# [Exercise instructions]
Pictures are not part of the answer. Return the lines from the one containing "Substance 3D Sampler 2021中文破解版-Adobe" through the end of the data, both included, exactly as they appear.
=-=-=-=-=
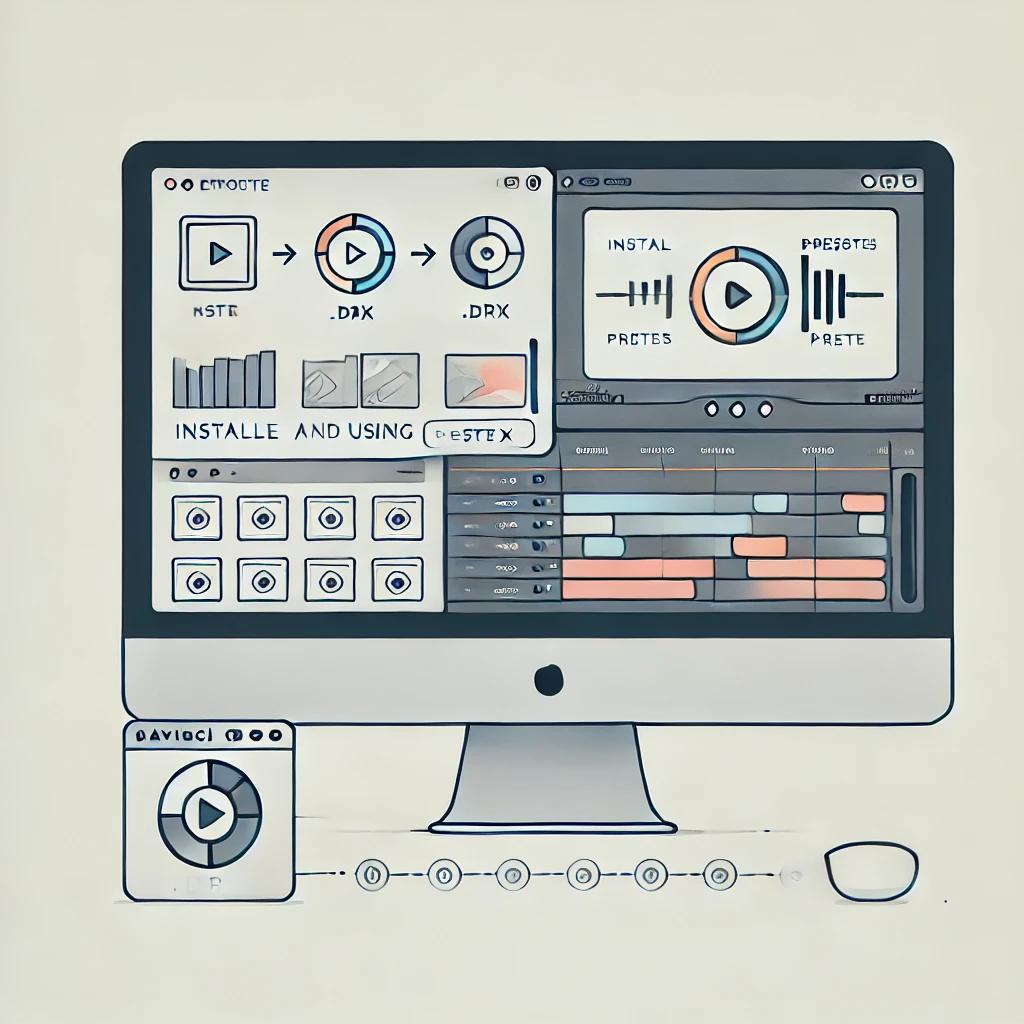 DaVinci Resolve – Cómo Instalar y Usar Presets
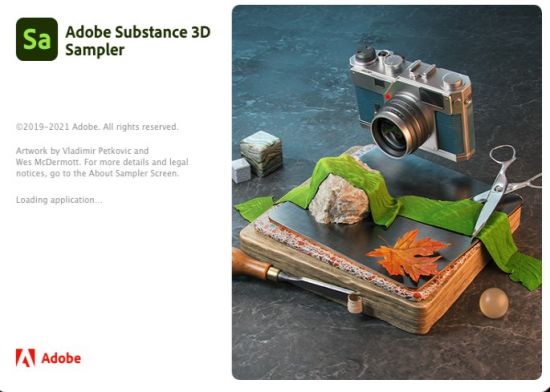 Substance 3D Sampler 2021中文破解版-Adobe Substance 3D Sampler 2021永久激活版下载 v3.00(附安装教程)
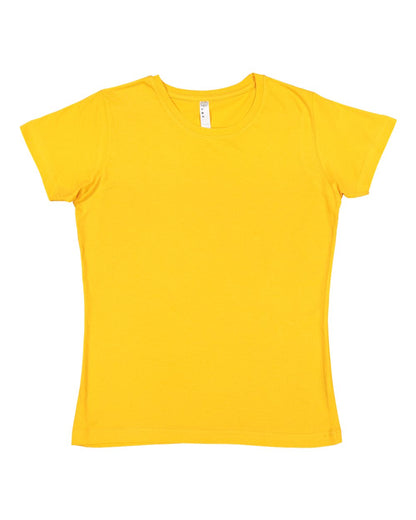 LAT Women's Fine Jersey Tee 3516 #color_Gold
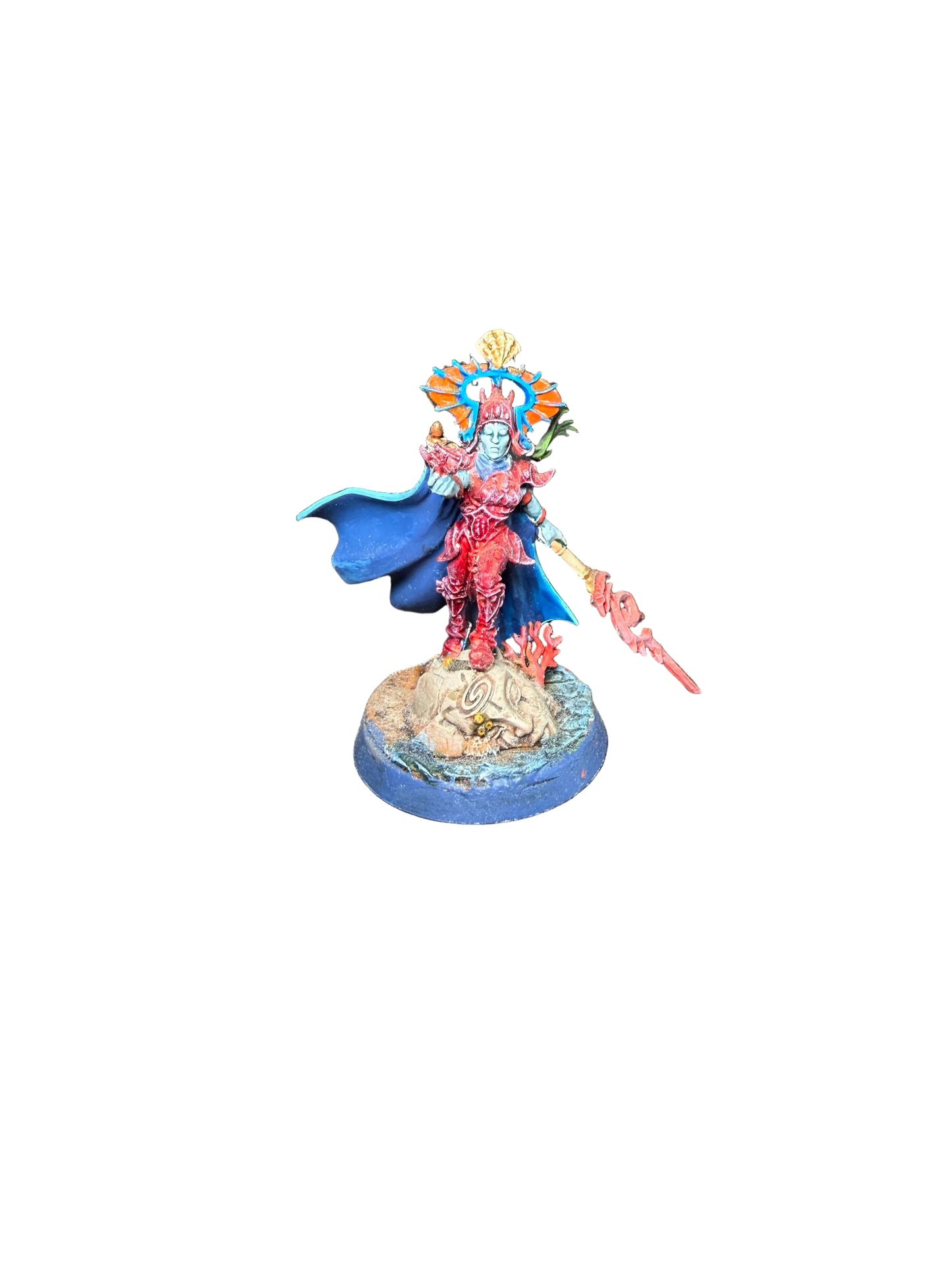 Warhammer Age of Sigmar Idoneth Deepkin Tidecaster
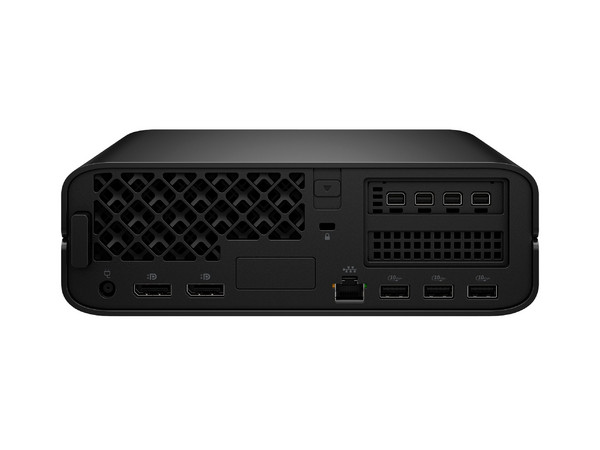Workstation HP Z2Mini G1i: 
Procesador Intel Core Ultra 7 265 (hasta 5.3 GHz), 
Memoria de 16GB DDR5, 
SSD de 1TB, 
Video NVIDIA RTX A400, 
S.O. Windows 11 Pro.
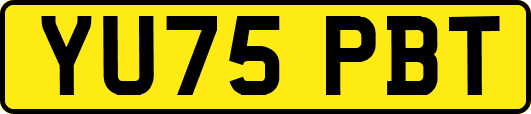 YU75PBT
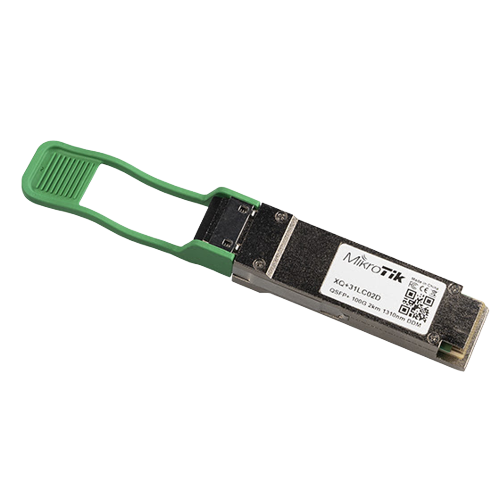 [XQ-31LC02D] Mikrotik XQ+31LC02D QSFP28 Module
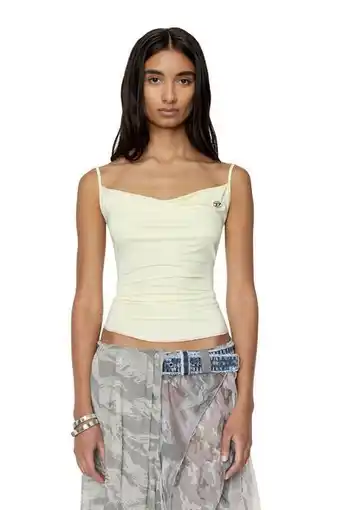 Diesel Camisole with visible stitching offer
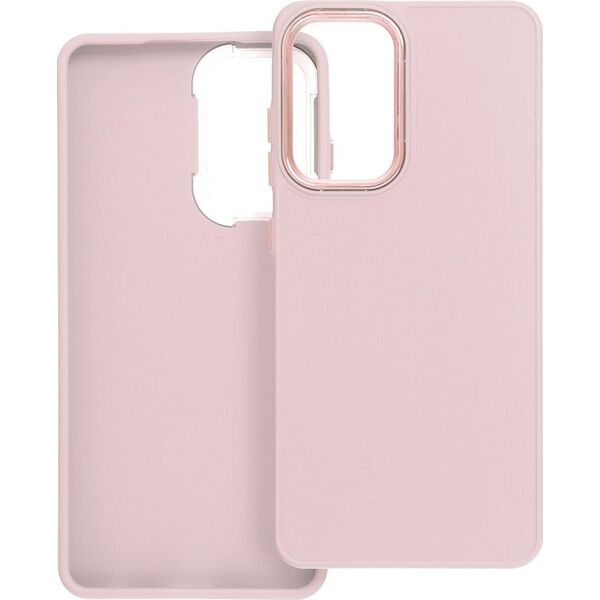 OEM Futerał FRAME do SAMSUNG A52 5G / A52 LTE ( 4G ) / A52s 5G pudrowy róż 13844021 5903396196454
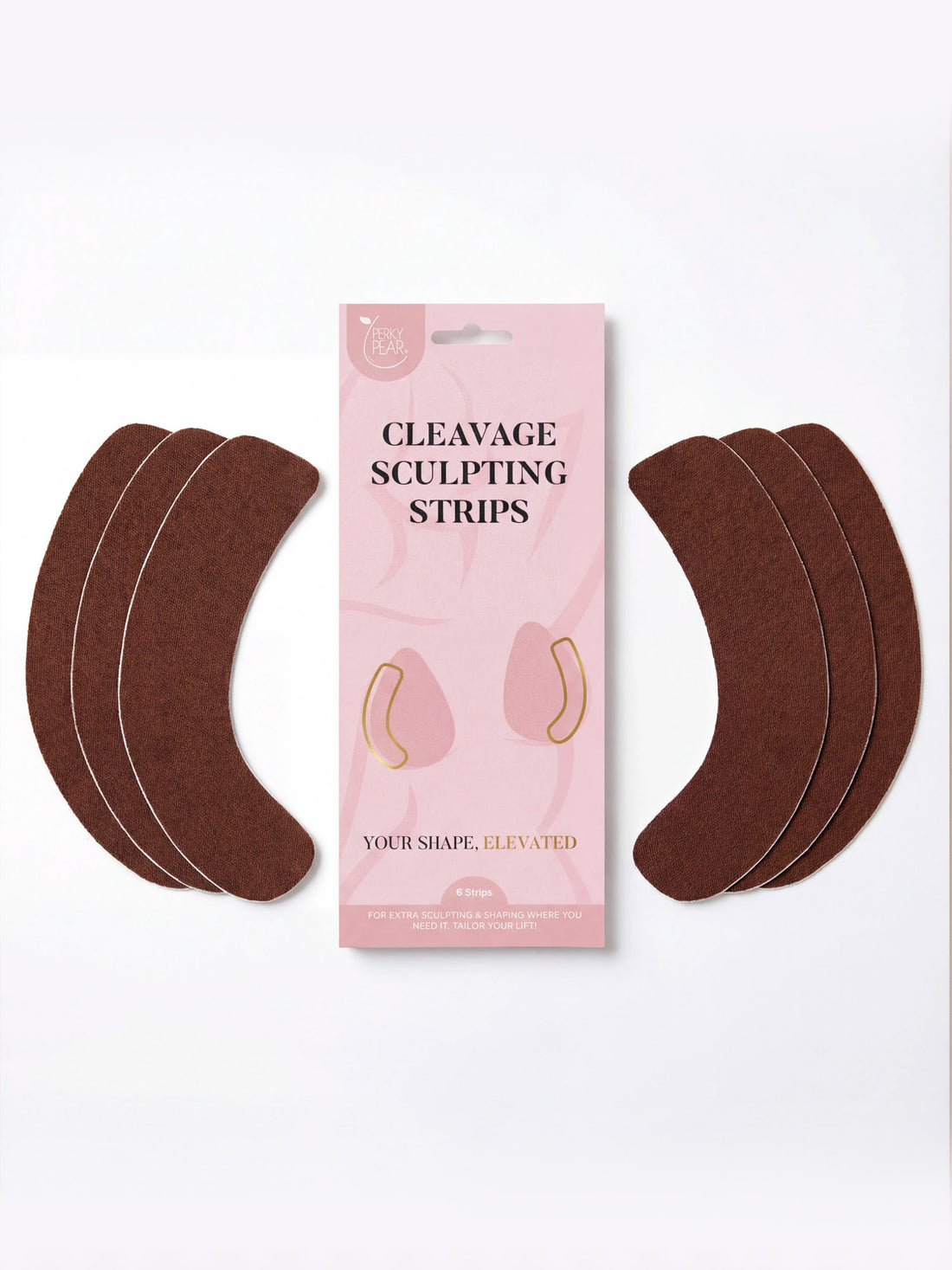Cleavage Sculpting Lift Strips BROWN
=-=-=-=-=
# [Output of the task]
 Substance 3D Sampler 2021中文破解版-Adobe Substance 3D Sampler 2021永久激活版下载 v3.00(附安装教程)
 LAT Women's Fine Jersey Tee 3516 #color_Gold
 Warhammer Age of Sigmar Idoneth Deepkin Tidecaster
Workstation HP Z2Mini G1i: 
Procesador Intel Core Ultra 7 265 (hasta 5.3 GHz), 
Memoria de 16GB DDR5, 
SSD de 1TB, 
Video NVIDIA RTX A400, 
S.O. Windows 11 Pro.
 YU75PBT
 [XQ-31LC02D] Mikrotik XQ+31LC02D QSFP28 Module
 Diesel Camisole with visible stitching offer
 OEM Futerał FRAME do SAMSUNG A52 5G / A52 LTE ( 4G ) / A52s 5G pudrowy róż 13844021 5903396196454
Cleavage Sculpting Lift Strips BROWN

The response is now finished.